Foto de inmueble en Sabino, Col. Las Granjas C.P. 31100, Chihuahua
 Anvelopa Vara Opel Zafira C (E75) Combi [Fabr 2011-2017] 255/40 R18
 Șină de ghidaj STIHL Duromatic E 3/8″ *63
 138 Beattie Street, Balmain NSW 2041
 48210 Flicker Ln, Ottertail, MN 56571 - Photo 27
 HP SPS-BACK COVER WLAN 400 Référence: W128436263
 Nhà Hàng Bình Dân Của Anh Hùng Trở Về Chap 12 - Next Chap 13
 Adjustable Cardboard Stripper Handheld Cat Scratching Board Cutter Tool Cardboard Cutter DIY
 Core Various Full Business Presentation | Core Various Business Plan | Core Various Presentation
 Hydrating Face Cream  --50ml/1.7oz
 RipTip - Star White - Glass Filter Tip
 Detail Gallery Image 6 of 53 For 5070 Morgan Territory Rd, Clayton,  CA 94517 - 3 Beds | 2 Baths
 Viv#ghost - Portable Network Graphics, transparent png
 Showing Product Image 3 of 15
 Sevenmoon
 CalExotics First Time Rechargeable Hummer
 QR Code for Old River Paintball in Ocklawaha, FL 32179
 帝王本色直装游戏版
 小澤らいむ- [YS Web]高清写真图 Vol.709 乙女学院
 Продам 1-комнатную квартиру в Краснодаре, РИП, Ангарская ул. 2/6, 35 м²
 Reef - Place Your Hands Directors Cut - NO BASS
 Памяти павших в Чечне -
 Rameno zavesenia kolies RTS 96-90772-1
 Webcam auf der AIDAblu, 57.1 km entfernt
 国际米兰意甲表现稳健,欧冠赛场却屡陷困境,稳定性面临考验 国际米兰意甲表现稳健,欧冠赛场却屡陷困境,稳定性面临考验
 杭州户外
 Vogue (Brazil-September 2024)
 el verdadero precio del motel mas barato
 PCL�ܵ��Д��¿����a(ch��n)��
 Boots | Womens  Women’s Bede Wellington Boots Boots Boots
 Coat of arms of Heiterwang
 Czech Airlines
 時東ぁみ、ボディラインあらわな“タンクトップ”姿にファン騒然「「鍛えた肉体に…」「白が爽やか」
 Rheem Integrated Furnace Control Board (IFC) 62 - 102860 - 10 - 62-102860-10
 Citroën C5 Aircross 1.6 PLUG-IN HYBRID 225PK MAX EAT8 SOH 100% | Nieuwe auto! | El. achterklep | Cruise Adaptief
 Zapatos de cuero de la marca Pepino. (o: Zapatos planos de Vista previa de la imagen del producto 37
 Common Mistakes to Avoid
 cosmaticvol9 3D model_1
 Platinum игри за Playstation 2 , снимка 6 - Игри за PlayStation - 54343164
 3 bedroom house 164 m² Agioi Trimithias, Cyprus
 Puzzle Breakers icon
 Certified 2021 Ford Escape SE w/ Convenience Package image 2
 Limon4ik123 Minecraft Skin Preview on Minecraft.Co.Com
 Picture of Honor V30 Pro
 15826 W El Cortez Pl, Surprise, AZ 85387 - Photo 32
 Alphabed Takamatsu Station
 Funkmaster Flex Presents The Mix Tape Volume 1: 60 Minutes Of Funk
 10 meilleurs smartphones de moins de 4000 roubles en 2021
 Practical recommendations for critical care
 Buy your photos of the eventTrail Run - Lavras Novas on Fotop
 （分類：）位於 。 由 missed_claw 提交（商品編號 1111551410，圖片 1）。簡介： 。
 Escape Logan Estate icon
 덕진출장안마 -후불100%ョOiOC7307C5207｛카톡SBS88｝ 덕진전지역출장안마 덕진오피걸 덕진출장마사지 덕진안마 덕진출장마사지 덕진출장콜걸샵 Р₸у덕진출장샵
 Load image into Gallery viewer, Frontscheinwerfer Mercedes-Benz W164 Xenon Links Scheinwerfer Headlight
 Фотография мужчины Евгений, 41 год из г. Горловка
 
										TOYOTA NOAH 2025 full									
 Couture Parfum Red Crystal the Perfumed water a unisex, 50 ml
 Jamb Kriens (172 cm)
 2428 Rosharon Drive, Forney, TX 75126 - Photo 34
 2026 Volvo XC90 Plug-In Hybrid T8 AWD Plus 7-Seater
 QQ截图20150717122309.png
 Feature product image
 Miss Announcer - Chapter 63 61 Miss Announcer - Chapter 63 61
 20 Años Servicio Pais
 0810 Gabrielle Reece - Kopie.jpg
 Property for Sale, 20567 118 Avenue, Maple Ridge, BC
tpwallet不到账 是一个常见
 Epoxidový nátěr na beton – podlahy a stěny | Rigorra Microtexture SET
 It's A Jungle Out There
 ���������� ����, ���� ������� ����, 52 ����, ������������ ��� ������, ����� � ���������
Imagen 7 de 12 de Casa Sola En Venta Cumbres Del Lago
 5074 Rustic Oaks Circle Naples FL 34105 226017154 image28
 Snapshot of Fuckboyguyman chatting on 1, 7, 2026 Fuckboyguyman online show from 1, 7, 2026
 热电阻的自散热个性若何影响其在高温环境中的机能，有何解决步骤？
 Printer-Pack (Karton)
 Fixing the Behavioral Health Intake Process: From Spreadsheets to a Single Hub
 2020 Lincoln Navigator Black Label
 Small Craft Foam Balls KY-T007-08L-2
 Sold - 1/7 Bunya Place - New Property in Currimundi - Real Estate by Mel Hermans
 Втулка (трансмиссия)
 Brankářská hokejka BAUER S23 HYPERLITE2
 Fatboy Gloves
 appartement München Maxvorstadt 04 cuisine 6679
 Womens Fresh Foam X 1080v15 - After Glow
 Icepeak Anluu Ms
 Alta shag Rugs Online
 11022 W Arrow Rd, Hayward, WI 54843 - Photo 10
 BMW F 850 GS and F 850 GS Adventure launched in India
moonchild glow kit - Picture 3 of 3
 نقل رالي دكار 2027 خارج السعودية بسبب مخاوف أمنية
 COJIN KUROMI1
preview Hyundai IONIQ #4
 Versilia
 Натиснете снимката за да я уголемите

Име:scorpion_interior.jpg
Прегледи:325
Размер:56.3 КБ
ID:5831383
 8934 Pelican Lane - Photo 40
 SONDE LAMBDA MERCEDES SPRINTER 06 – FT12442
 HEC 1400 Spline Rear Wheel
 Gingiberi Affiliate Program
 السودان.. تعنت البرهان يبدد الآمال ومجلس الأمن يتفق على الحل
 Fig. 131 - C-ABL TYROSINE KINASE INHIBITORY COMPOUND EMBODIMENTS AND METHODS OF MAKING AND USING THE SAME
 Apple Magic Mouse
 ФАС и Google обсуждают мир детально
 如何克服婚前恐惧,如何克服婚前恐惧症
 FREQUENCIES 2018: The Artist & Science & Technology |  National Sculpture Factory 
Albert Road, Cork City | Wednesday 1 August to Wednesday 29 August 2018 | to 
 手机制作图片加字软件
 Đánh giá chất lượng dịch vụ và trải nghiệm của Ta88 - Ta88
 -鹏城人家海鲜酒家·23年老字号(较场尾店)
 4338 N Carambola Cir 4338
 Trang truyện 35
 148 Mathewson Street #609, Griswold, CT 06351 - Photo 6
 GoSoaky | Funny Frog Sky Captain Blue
§
From the listing above, output exactly the run of lines that starts with the line containing "CalExotics First Time Rechargeable Hummer" and ends with the line containing "Webcam auf der AIDAblu, 57.1 km entfernt".

# Output for this exercise:
 CalExotics First Time Rechargeable Hummer
 QR Code for Old River Paintball in Ocklawaha, FL 32179
 帝王本色直装游戏版
 小澤らいむ- [YS Web]高清写真图 Vol.709 乙女学院
 Продам 1-комнатную квартиру в Краснодаре, РИП, Ангарская ул. 2/6, 35 м²
 Reef - Place Your Hands Directors Cut - NO BASS
 Памяти павших в Чечне -
 Rameno zavesenia kolies RTS 96-90772-1
 Webcam auf der AIDAblu, 57.1 km entfernt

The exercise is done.